Resilience was first introduced to the ecological literature with a clear and concise definition: the capacity of an ecosystem to absorb change and disturbance, and still maintain the same relationships between populations or ecosystem variables. By this definition, resilience informs ecosystem management because it helps to predict the rate and extent of ecosystem recovery after disturbance. The aim of our workshop was to assemble experimental data to compare the extent and speed of recovery from disturbance across different ecosystems and types of disturbances. In doing so, we intend to learn more about resilience and improve its practical application to ecosystem management.
We identified 20 community ecologists with experimental data describing the recovery of ecosystems to disturbance, and invited them to our workshop at Rottnest Island in December 2013. Ecologists came from Sweden, Japan, North America, Canada and Australia with datasets from boreal forest, Mongolian rangelands, grasslands, coral reefs and temperate streams to name a few.
Plant communities are well represented among the datasets but we also have data describing the recovery of communities of liverworts, soil microbes, kelp and fishes to disturbances that range from fire, drought, mining, livestock grazing and hurricanes.

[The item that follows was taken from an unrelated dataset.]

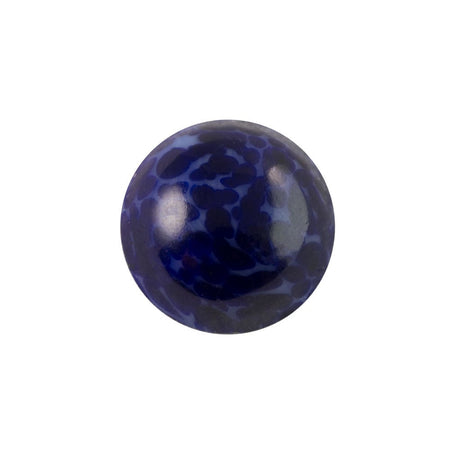 Vintage Lapis Blue Matrix Glass Cabochons 15mm (4) cab1007D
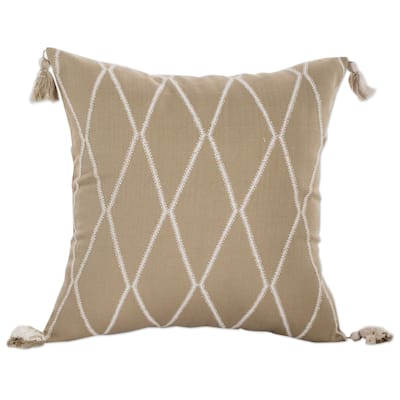 Novica Handmade Sage Of Diamonds Cotton Cushion Cover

“The aim of our workshop was to assemble experimental data to compare the extent and speed of recovery from disturbance across different ecosystems and types of disturbances.”
The first day of the workshop was devoted to a brief discussion of concepts and to familiarizing people with the datasets (and, importantly, the wonders of Rottnest Island—namely beaches, bikes, beers and quokkas). The second day of the workshop was split between a discussion of options for response and explanatory variables and, critically, how to make these comparable across the different ecosystems and disturbance types for use in a metaanalysis.
As a group, we agreed on a response variable to use in the first instance based on the Bray-Curtis index of similarity between communities before and after disturbance. Discussions regarding explanatory variables are ongoing; the final variables are likely to include metrics describing the nature of the disturbance, connectivity and the relative importance of abiotic and biotic filters to community recovery.
Having made solid progress by the end of day two, the group broke for a cycle around the island followed by a meal at the local pub.
The final day of the workshop was devoted to an overview of progress on the main project and to discussion of ideas for additional projects. Analysis for the main project is underway with the aim of preparing a manuscript by mid-2014. Additional projects include an exploration of the link between biotic and abiotic recovery, the contribution of species richness to resilience and the contribution of scaling theory to the measurement of resilience. We extend our thanks to the participants for actively engaging in the aims of the workshop and helping to make our first workshop a success.